Because the president has not done this, most Americans think we are fighting only against Iraqis–local people, dependent on local resources. In that light, our inability to stem the daily toll of bombs and blood looks like evidence that most Iraqis support terror. Americans don’t see that Iraq as worth fighting for, or that kind of war as winnable. Other polls suggest Americans worry, increasingly, that Iran, Syria, and Saudi Arabia also threaten our security. They fear that by expending so much blood and treasure on Iraq alone, we may make ourselves more vulnerable to attacks from others.

Iraq is a difficult place, but this all-dark picture is false as well as dispiriting. Inadvertently, the Bush administration has made it look believable by downplaying the big role that foreign governments and their terrorist proxies play in Iraq. Administration spokesmen rarely pointed to the support–diplomatic as well as military–Iraq’s Sunni Baathist terrorists get from Sunni tyrants abroad, and they kept insisting that foreign jihadists are only a minority of the fighters we face. But foreign support is a fact, and harping on the relatively small number of foreign jihadists in Iraq at any one time misses the point. Foreign jihadists are responsible for almost all suicide bombings, and suicide bombings cause a disproportionate share of American and Iraqi casualties. Worse, because foreign jihadists come from all the Arab states as well as Iran, there is an endless supply of them. If we confine ourselves to hunting them down, one by one, only after they infiltrate Iraq, we will be there forever. Far better to act forcefully to stop the infiltration, and do it in a way that sends a message to all terror-succoring states: The free ride is over.
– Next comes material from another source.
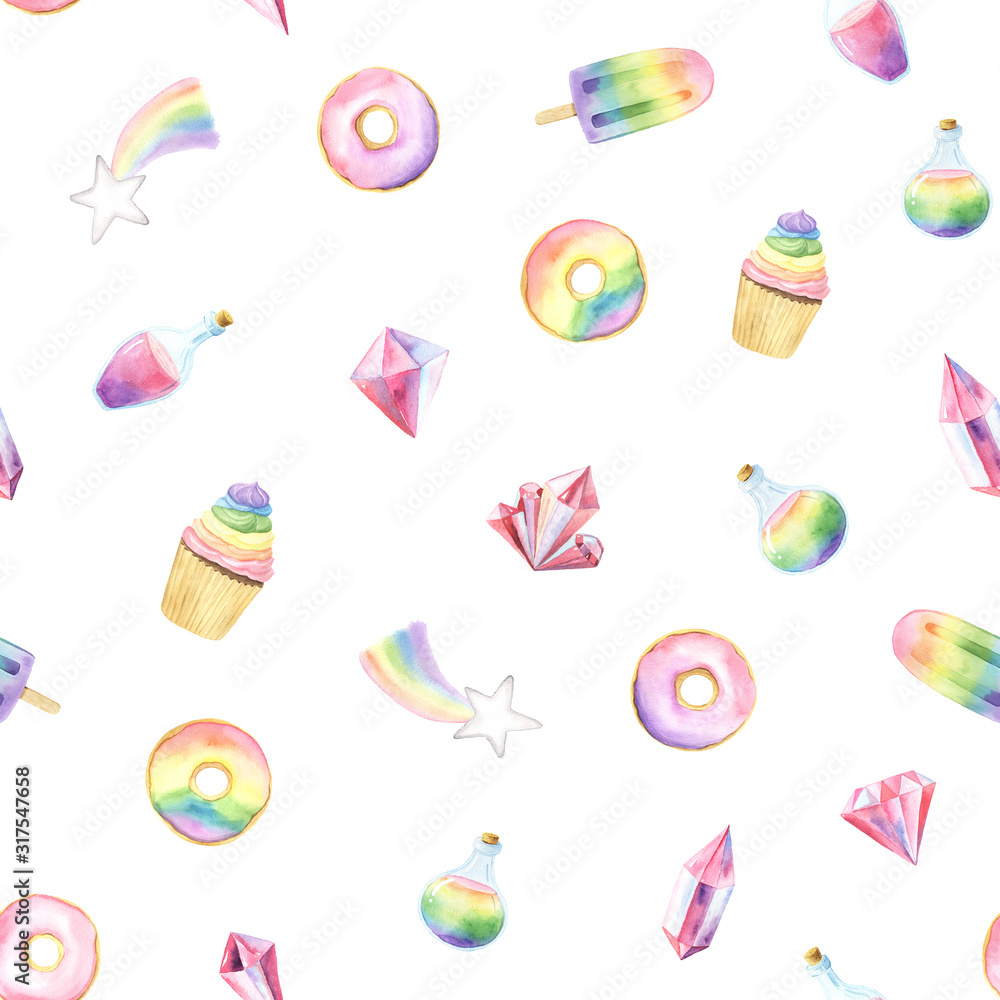 Watercolor seamless pattern with colorful rainbow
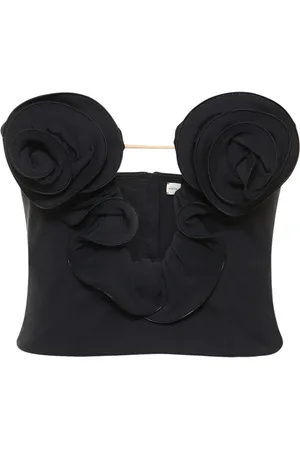 MAGDA BUTRYM Top Bustier De Viscosa Con Apliques De Flor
The price for continuing to aid and abet the war against us and against a free Iraq has gone up.

We can do that with relative ease, because although foreign jihadists come from all over the Middle East, most of them enter Iraq from only one country: Syria. Syria is a police state, a small, economic basket-case of a country that hosts a multitude of terrorist groups and terror training camps, and which is working to defeat democracy in Lebanon as well as Iraq. Syria could stop the foreign terrorist influx into Iraq if it wanted to, and we could make Syria want to. The Turks did it in 1998, when Syria hosted the PKK terror group and sent them across the border to murder Turkish soldiers and civilians. Then as now, Syria claimed it was doing no such thing, but instead of spluttering impotently, Turkey massed her army on the border and made it clear that if Syria didn’t end PKK infiltration, Turkey would invade. Surprise, surprise, PKK infiltration from Syria suddenly stopped.

We can make Syria stop too, and do it without putting additional strain on our hard-working ground troops. Democracy is a fine long-term goal, but for now, we don’t need to remake Syria; we just need to make her stop. We can use our air power to bomb the rat lines that feed terrorists into Iraq, and blow up all the terror training camps and weapons sites in Syria and Lebanon, hitting enemy targets from the Bekaa Valley to the Iraqi border in a new shock-and-awe campaign. That would end the easy re-supply of suicide bombers in Iraq, and reduce our casualties significantly. It would, equally, send a clear message to terror-harborers everywhere: Stop.

Defense Secretary Rumsfeld has been asking President Bush for a go-ahead to strike back at Syria from the start of the Syrian campaign against us, but has yet to get one. The president’s toughening rhetoric toward Syria in recent weeks suggests he may, now, be considering it; and the excellent new tone set by our new ambassador, Zalmay Khalilzad, reinforces that possibility. If President Bush does order military strikes on enemy bases in Syria and Lebanon, it would mark the return of the war leader so many of us cheered in 2001 and 2002–the stand-up Texan who made us believe we can win this war. Come back, Cowboy George. America needs you.

Barbara Lerner is a frequent NRO contributor.